The immediate catalyst for departure, however, is usually the success stories of a fellow villager. The rural economy may be a dead end, but some of these migrants ply their savings into massive new compounds back in the laojia. In rural Henan, Pai meets the coal dealer Da Cai, one of five brothers, all but the youngest of whom left their native village. After years spent mining coal and driving a cab in a coastal city, he has squeezed his way into the middle class by going into business for himself. In the megacity of Guangzhou, a female factory worker named Ying puts her career above her marriage, takes wage cuts without complaint, steers clear of “those with attitudes” (i.e. strikers), and is eventually promoted to a quasi–white collar position in the product control department, earning up to 1800 RMB ($285) per month. Call it the Chinese Dream. As long as the economic engine keeps chugging, people like Da Cai and Ying—or at least their children—feel they have a reasonable shot at joining the urban middle class, or potentially even vaulting into the managerial, bureaucratic, or entrepreneurial classes where power and wealth are increasingly concentrated.

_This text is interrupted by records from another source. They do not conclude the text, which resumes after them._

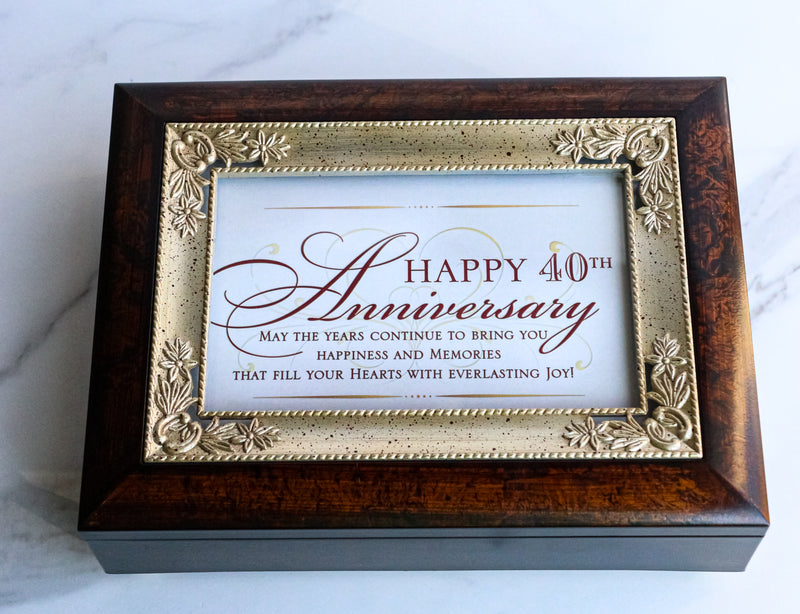 Happy 40th Anniversary Burlwood With Silver Scrollwork Musical Trinket Box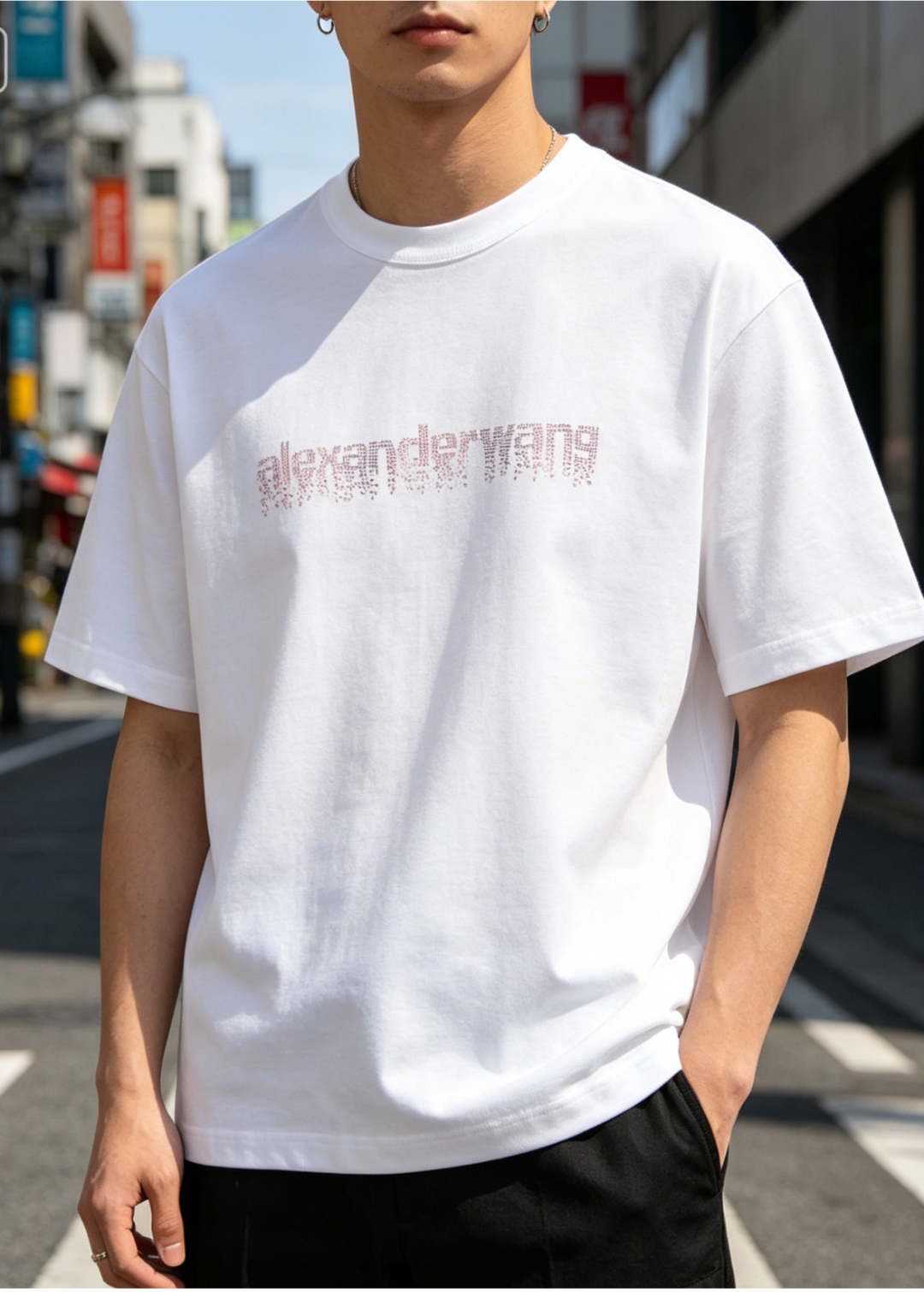 Alexander Wang 26SS Crystal Letter White Short Sleeve T-Shirt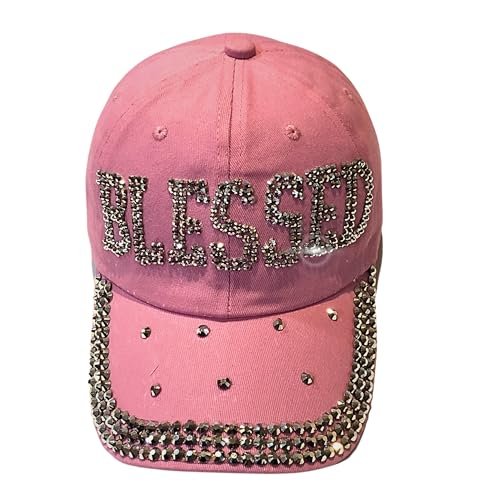 Popfizzy Bling Blessed Hats for Women, Rhinestone Christian Hats, Faith Based Christian Apparel, Blessed Mama, Blessed Items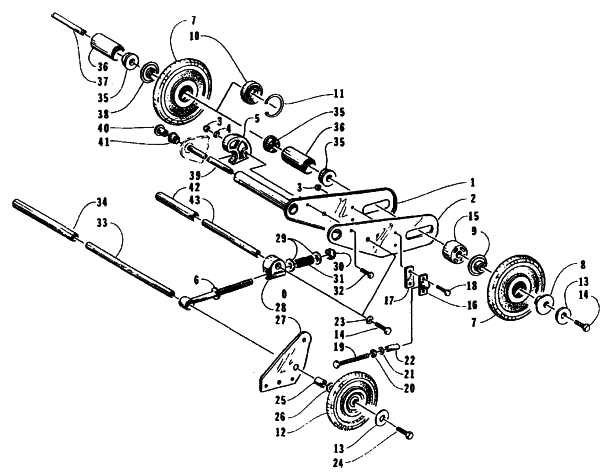 Parts Diagram for Arctic Cat 1995 BEARCAT 440 SNOWMOBILE ARTICULATING SKID FRAME ASSEMBLY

Yet for every Ying and every Da Cai, there are many migrants who never make it, who move from one precarious job to the next or eventually move back to the village in frustration, minus the compound. For the time being, “inner-city poverty” still sounds like a contradiction in terms to the Chinese ear. The effects of a serious economic slowdown remain unknowable. The number of mass incidents increases each year. Pai is silent on what will become of rural China, where 650 million people still live, agribusiness remains rare, and poverty alleviation efforts are ongoing, recently strengthened under the banner of the “New Socialist Countryside.” “Harmonious development” has been the favorite slogan of China’s outgoing rulers, who just handed over power at the 18th Party Congress. No one knows what the next slogan—if there is one—will be.